Excerpted data:
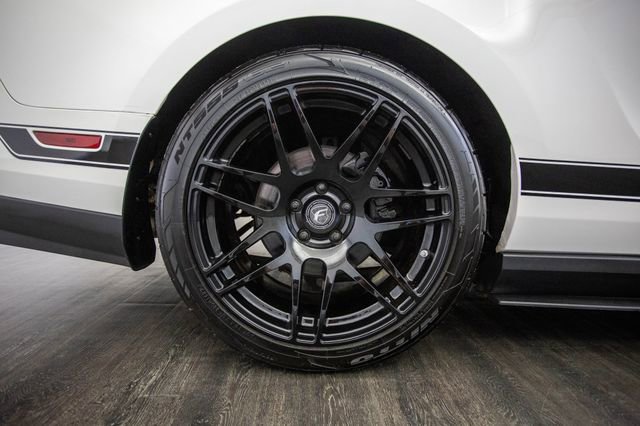 Used 2012 Ford Mustang Boss 302 w/ Boss 302 Accessory Pkg image 36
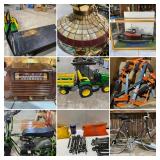 10/29/23 - Long Island Clean Out #2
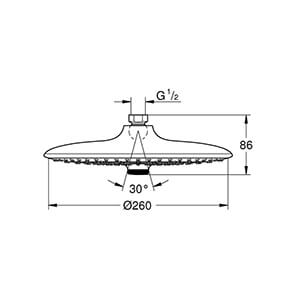 Euphoria 260 (26455000)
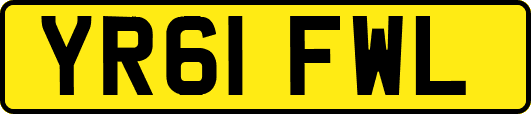 YR61FWL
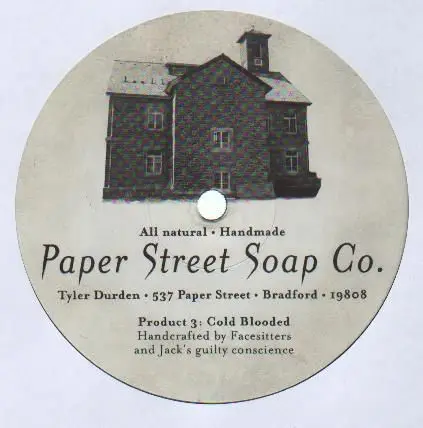 Cold Blooded - Break My Band / Midnight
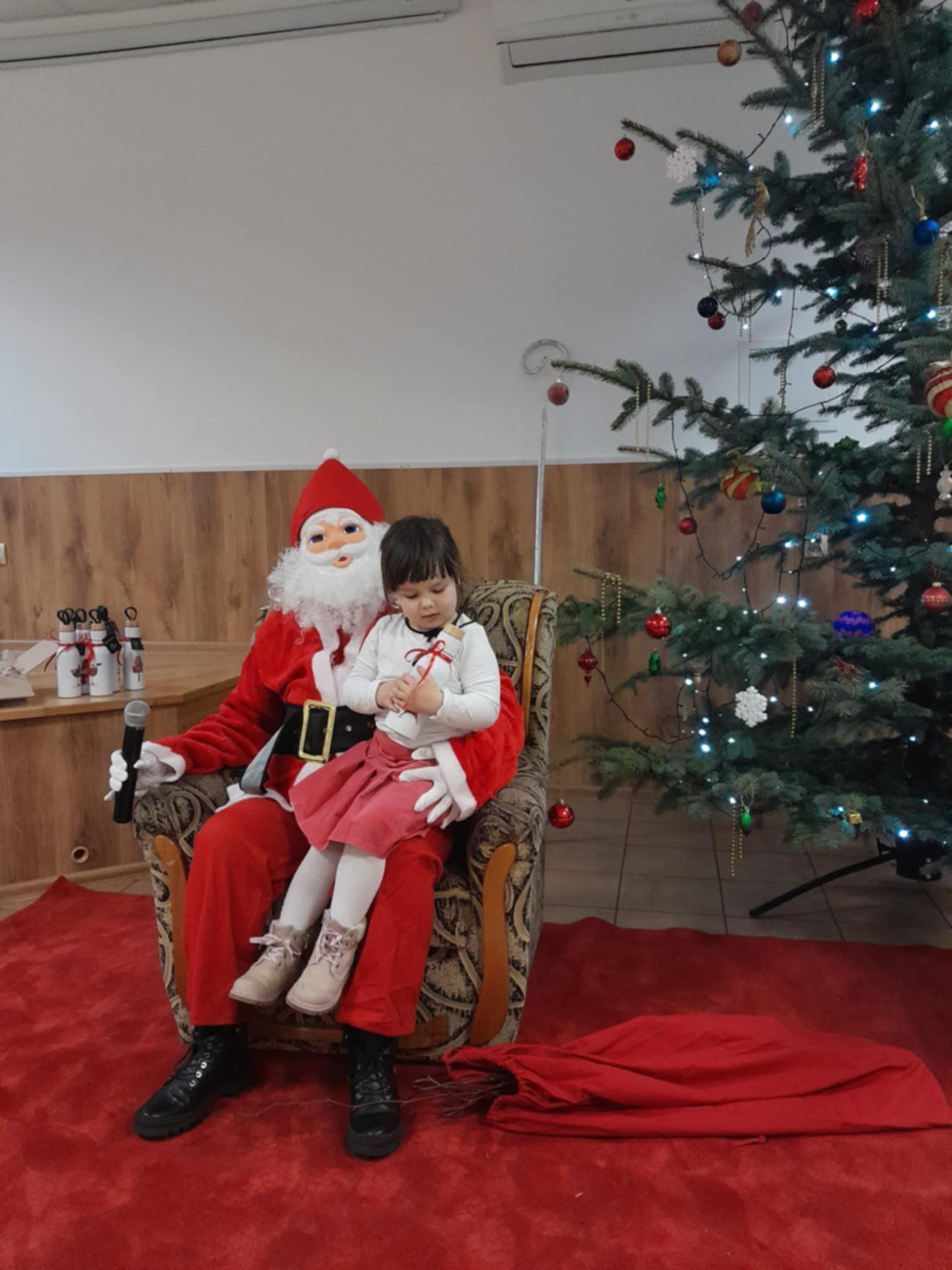 Świątecznie z KGW w Ratyniu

Exercise directions:
If a record holds a picture, leave the picture out and transcribe everything else exactly.

Task result:
 Used 2012 Ford Mustang Boss 302 w/ Boss 302 Accessory Pkg image 36
 10/29/23 - Long Island Clean Out #2
 Euphoria 260 (26455000)
 YR61FWL
 Cold Blooded - Break My Band / Midnight
 Świątecznie z KGW w Ratyniu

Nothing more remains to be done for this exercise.